Between 1931 and 1933, Gunawardena departed for London on study leave from Royal College. In 1932 he was awarded the Diploma in Education (Oxford), and in the same year obtained the Certificate for Practical Efficiency in Teaching (Cantab.). While in London, he presented his MSc thesis, ‘Studies in the Botanical Works of John Ray’ to University College London in 1934 and in the same was elected a Fellow of the Linnean Society of London.

Gunawardena returned to service at Royal College until promoted in the late 1930s to Assistant Director of Education stationed at Kandy. After retirement from public service, he dedicated his efforts to his Doctoral thesis, The botanical history of Ceylon, which was eventually presented to the University of London in 1963. Upon return from London with his doctorate, Gunawardena was invited to join the then newly formed Vidyodaya University (later renamed as University of Sri Jayewardenepura) to head its Department of Botany; a post which he held until his death at the age of eighty.

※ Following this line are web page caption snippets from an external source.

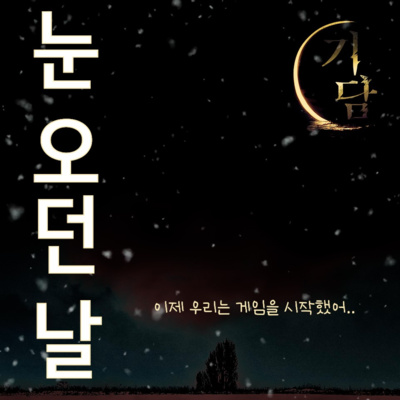 눈 오던 날 '그렇게, 결국 우린 게임을 시작할 수 밖에 없었어.' episode artwork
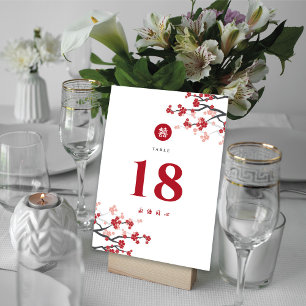 Red Cherry Blossoms Double Xi Chic Chinese Wedding Table Number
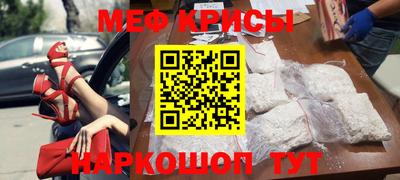 дмт Ставрополь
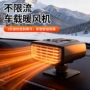 亚马逊加热不限流除霜暖风机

Royal College, Colombo annually presents the 'Dr D. C. Gunawardena Memorial Prize for Science (Grade 12)' in memoriam.

== Principal work ==
Gunawardena's principal work was Genera et Species Plantarum Zeylaniae, a volume published in 1968 on the etymological and historical accounts of Sri Lankan flora and fauna. The work was an adaptation of the third chapter of his University of London doctoral thesis, and had a foreword by one of his tutors, Sir Edward James Salisbury, one time Quain Professor of Botany at University College London, and Director of the Royal Botanic Gardens, Kew. The volume examines the origins and meanings of the Latin and native names accorded to the flora and fauna of Sri Lanka and is structured in the nature of a dictionary elaborated with bibliographical accounts, local folklore, native uses, and their historical significance. The work is identified as having wider appeal to readers of other Eastern countries, since Linnaeus, who gave fixed names to plants, used Ceylonese plants as types for many of his species in Flora Zeylanica (1747), the first Linnaean Flora of an Eastern country.